**HOW TO COMPLETE THIS TASK**.
All records that follow are to be restated exactly.

**RECORDS FOR PROCESSING**.

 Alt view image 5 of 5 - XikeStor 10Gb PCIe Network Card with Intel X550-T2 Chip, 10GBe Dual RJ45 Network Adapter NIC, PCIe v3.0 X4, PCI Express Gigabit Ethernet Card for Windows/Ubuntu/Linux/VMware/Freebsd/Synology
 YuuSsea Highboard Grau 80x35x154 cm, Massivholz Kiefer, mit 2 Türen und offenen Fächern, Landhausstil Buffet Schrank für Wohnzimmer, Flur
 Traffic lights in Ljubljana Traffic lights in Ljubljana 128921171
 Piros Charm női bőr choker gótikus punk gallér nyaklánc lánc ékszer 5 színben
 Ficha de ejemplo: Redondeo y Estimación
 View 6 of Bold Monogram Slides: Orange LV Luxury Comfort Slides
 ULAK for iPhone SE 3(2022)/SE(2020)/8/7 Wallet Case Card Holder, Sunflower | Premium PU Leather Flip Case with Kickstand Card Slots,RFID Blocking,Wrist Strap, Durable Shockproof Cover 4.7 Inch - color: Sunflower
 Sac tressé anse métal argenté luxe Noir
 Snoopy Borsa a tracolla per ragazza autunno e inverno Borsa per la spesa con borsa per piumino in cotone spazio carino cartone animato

**REPLY TO THE EXERCISE**.
 Alt view image 5 of 5 - XikeStor 10Gb PCIe Network Card with Intel X550-T2 Chip, 10GBe Dual RJ45 Network Adapter NIC, PCIe v3.0 X4, PCI Express Gigabit Ethernet Card for Windows/Ubuntu/Linux/VMware/Freebsd/Synology
 YuuSsea Highboard Grau 80x35x154 cm, Massivholz Kiefer, mit 2 Türen und offenen Fächern, Landhausstil Buffet Schrank für Wohnzimmer, Flur
 Traffic lights in Ljubljana Traffic lights in Ljubljana 128921171
 Piros Charm női bőr choker gótikus punk gallér nyaklánc lánc ékszer 5 színben
 Ficha de ejemplo: Redondeo y Estimación
 View 6 of Bold Monogram Slides: Orange LV Luxury Comfort Slides
 ULAK for iPhone SE 3(2022)/SE(2020)/8/7 Wallet Case Card Holder, Sunflower | Premium PU Leather Flip Case with Kickstand Card Slots,RFID Blocking,Wrist Strap, Durable Shockproof Cover 4.7 Inch - color: Sunflower
 Sac tressé anse métal argenté luxe Noir
 Snoopy Borsa a tracolla per ragazza autunno e inverno Borsa per la spesa con borsa per piumino in cotone spazio carino cartone animato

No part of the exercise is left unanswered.